__Prompt__
No pictures belong in the result; set down exactly the lines from the one containing "Set 5 ชิ้น Sulwhasoo" through the final line of the listing, and nothing more.

__Collected material__
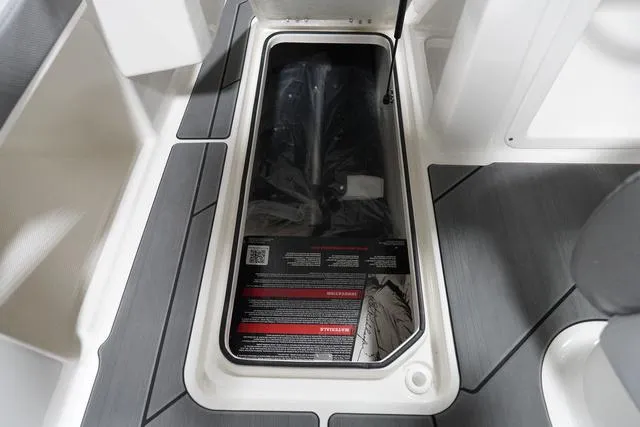 Slide: The Image of Bayliner D20I 2025 - 32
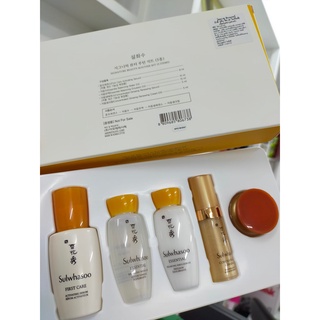 Set 5 ชิ้น Sulwhasoo Signature Beauty Routine Kit 5 Items ดูแลผิว ผสานคุณค่าสมุนไพรเกาหลี ช่วยลดเลือนริ้วรอย หมด06/2024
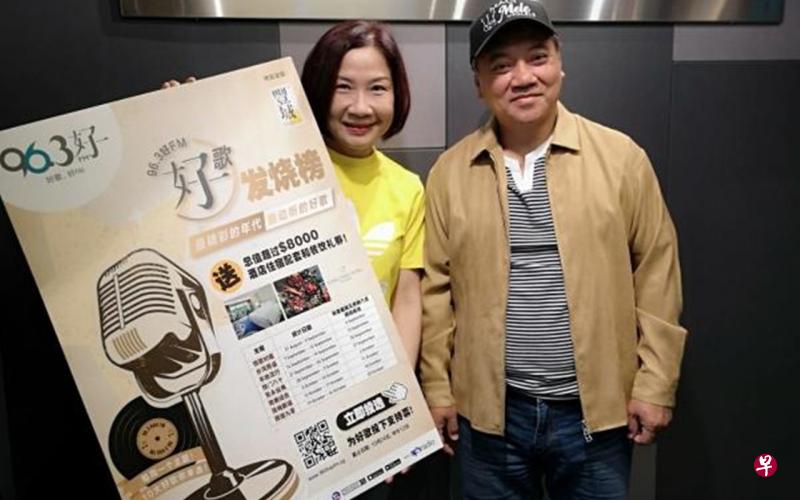 施孝荣昨天做客96.3好FM,与DJ安娜一起主持第二期的“好歌发烧榜”。(96.3好FM提供) 施孝荣昨天做客96.3好FM,与DJ安娜一起主持第二期的“好歌发烧榜”。(96.3好FM提供)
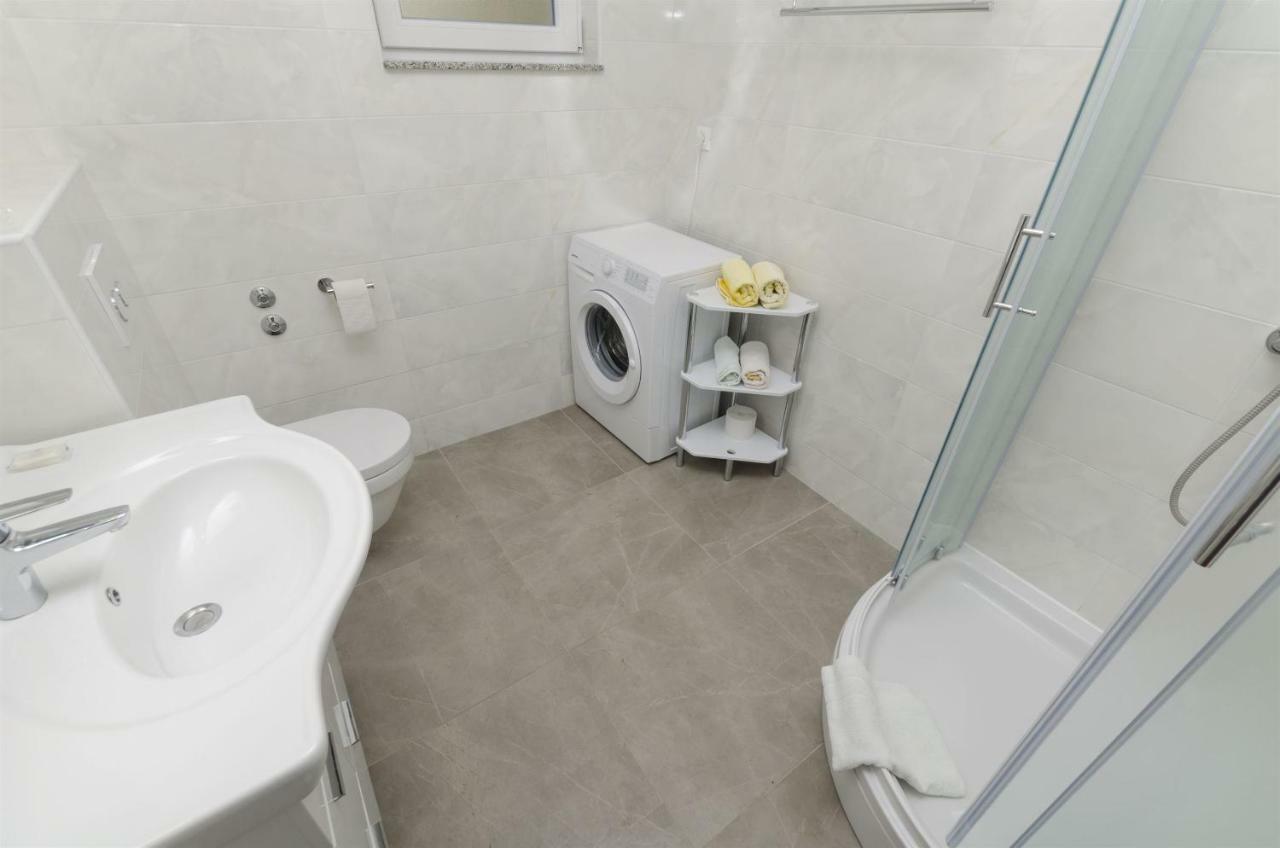 פרימוסטן Apartments Karmela מראה חיצוני תמונה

__Output of the exercise__
 Set 5 ชิ้น Sulwhasoo Signature Beauty Routine Kit 5 Items ดูแลผิว ผสานคุณค่าสมุนไพรเกาหลี ช่วยลดเลือนริ้วรอย หมด06/2024
 施孝荣昨天做客96.3好FM,与DJ安娜一起主持第二期的“好歌发烧榜”。(96.3好FM提供) 施孝荣昨天做客96.3好FM,与DJ安娜一起主持第二期的“好歌发烧榜”。(96.3好FM提供)
 פרימוסטן Apartments Karmela מראה חיצוני תמונה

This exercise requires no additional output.